(PROVIDED DATA begins)

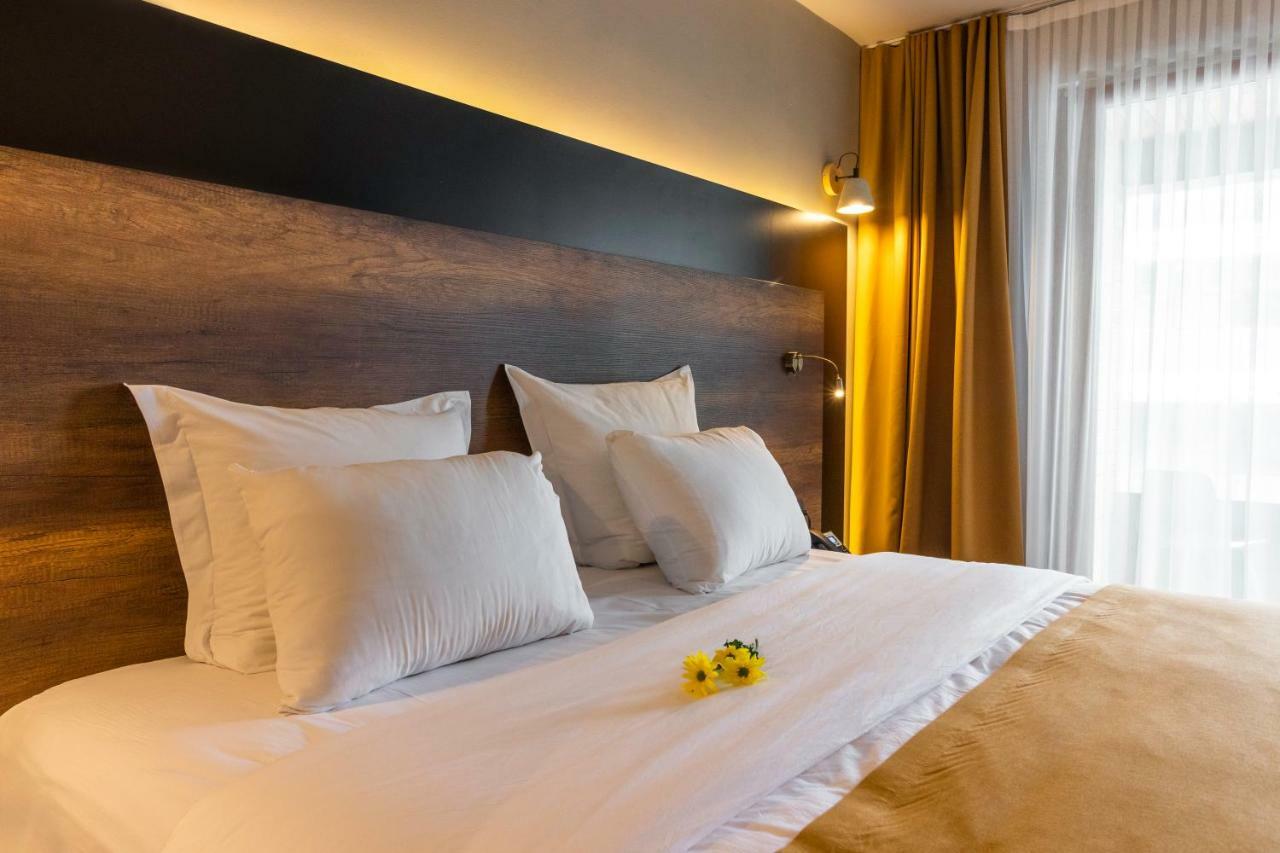 Hotel Next Door Park Skopje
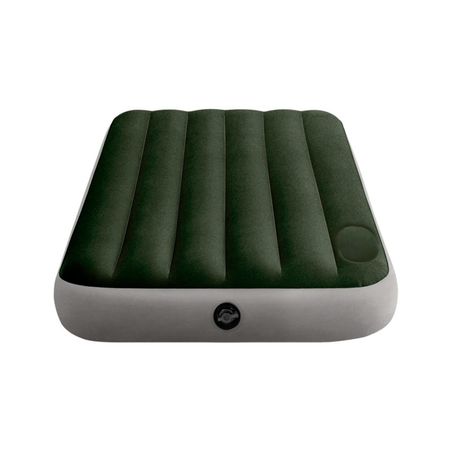 Colchon Inflable Con Inflador Intex 99 X 191 X 25 Cm 25725/5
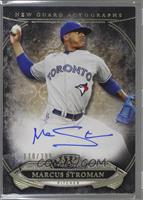 Marcus Stroman [Noted] #/399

(PROVIDED DATA ends)

- YOUR TASK -
The line containing "Colchon Inflable Con" and each line after it through the end of the listing above are to be written out exactly, without the pictures.

- ANSWER TO THIS EXERCISE -
 Colchon Inflable Con Inflador Intex 99 X 191 X 25 Cm 25725/5
 Marcus Stroman [Noted] #/399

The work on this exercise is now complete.